Start of RECORDS FOR THE EXERCISE

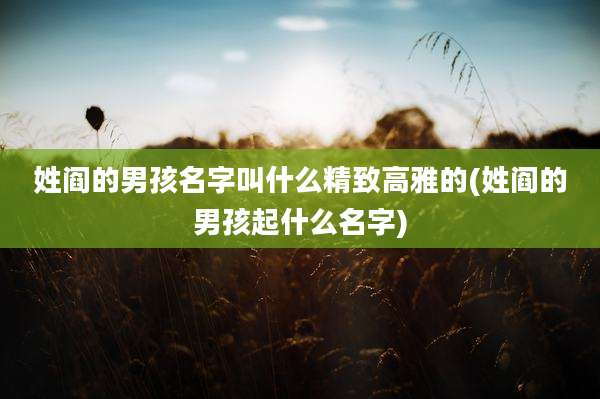 姓阎的男孩名字叫什么精致高雅的(姓阎的男孩起什么名字)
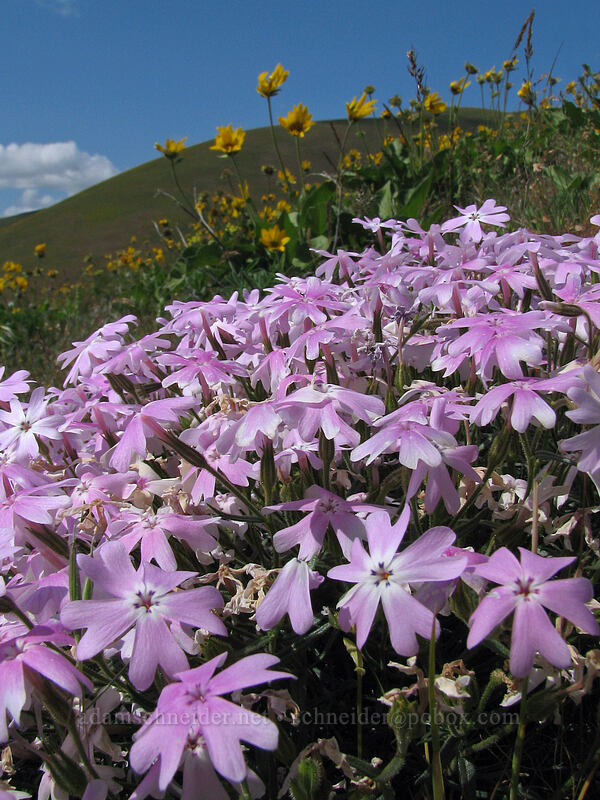 showy phlox (Phlox speciosa) [Dalles Mountain Road, Klickitat County, Washington]
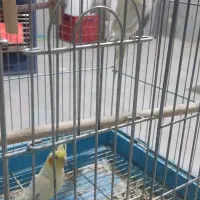 عروس هلندی مولد با دوتا جوجه بزرگ|پرنده|نورآباد, |دیوار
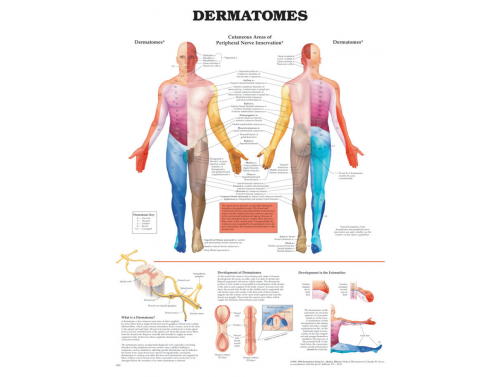 BODYLINE DERMATOMES CHART - LAMINATED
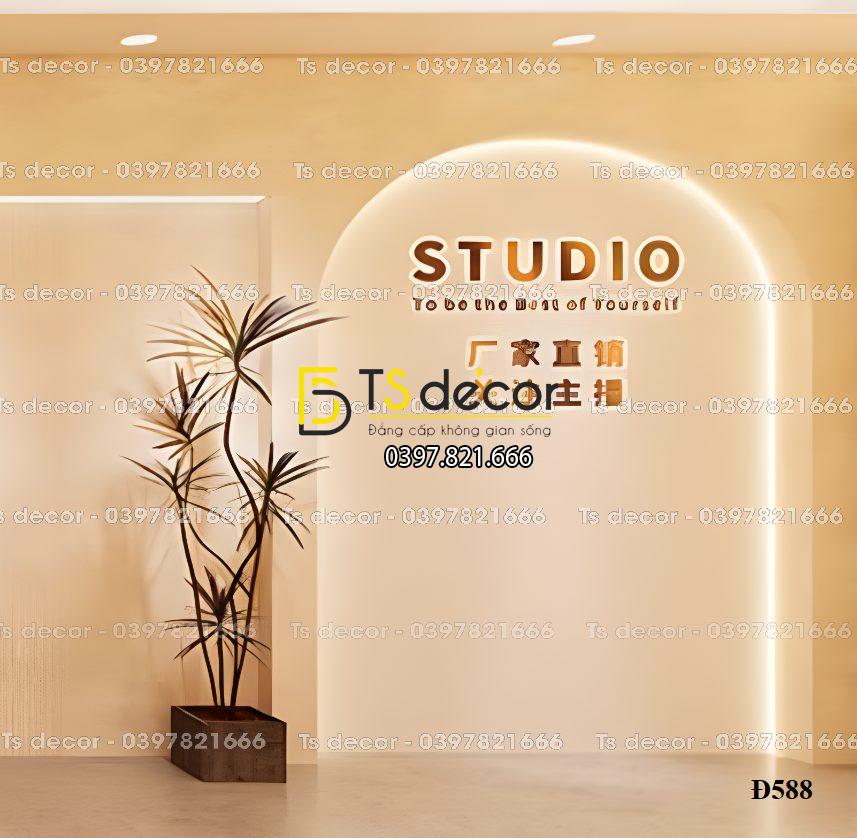 Phông Nền, Background Livestream Chụp Ảnh, Quay video Hiện Đại 3D 5D Mã Đ588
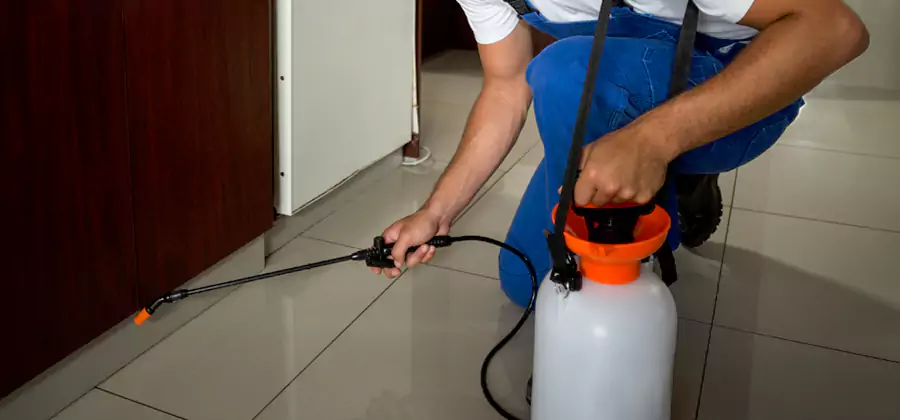 Palmetto Bug Exterminator in Marietta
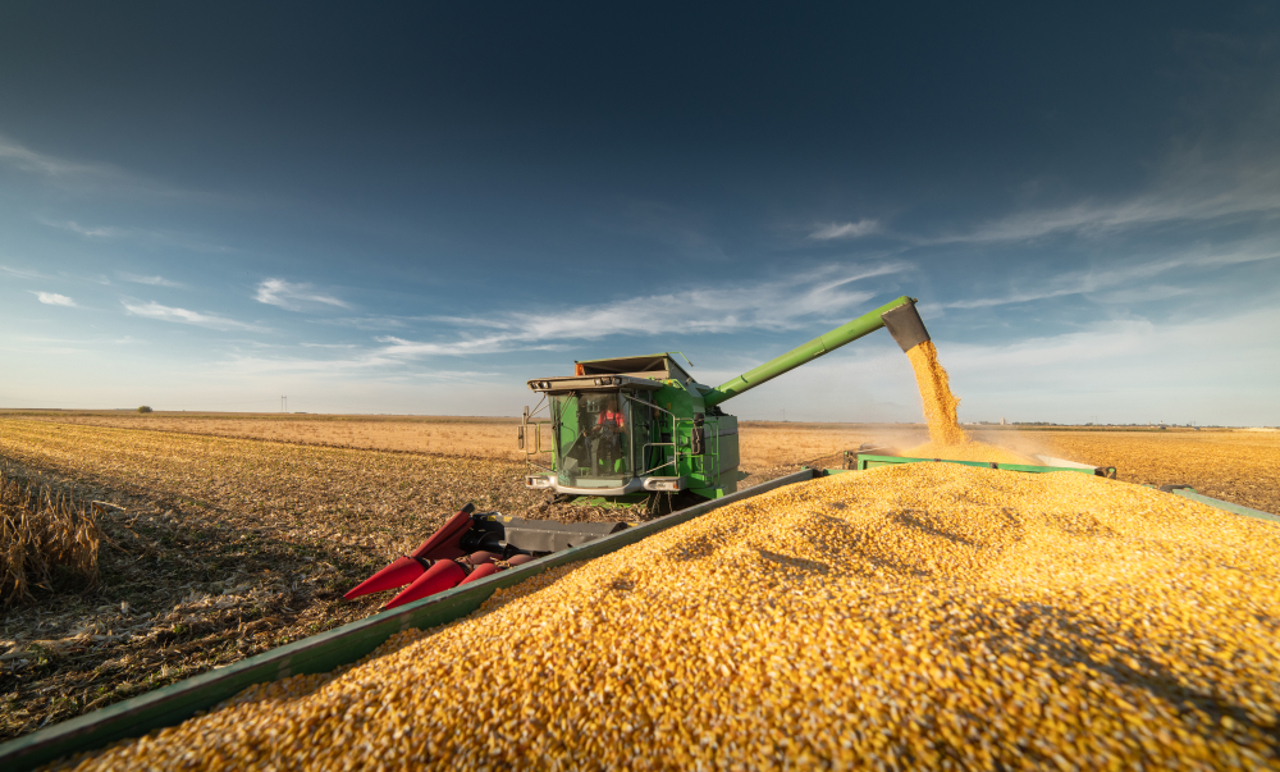 Agricultorii se plâng că prețul de vânzare a cerealelor este foarte mic, în condițiile în care depozitele sunt pline cu grâne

End of RECORDS FOR THE EXERCISE

- [TASK OBJECTIVE]: Reproduce every entry exactly; images stay out.

- [ANSWER FOR THIS EXERCISE]:
 姓阎的男孩名字叫什么精致高雅的(姓阎的男孩起什么名字)
 showy phlox (Phlox speciosa) [Dalles Mountain Road, Klickitat County, Washington]
 عروس هلندی مولد با دوتا جوجه بزرگ|پرنده|نورآباد, |دیوار
 BODYLINE DERMATOMES CHART - LAMINATED
 Phông Nền, Background Livestream Chụp Ảnh, Quay video Hiện Đại 3D 5D Mã Đ588
 Palmetto Bug Exterminator in Marietta
 Agricultorii se plâng că prețul de vânzare a cerealelor este foarte mic, în condițiile în care depozitele sunt pline cu grâne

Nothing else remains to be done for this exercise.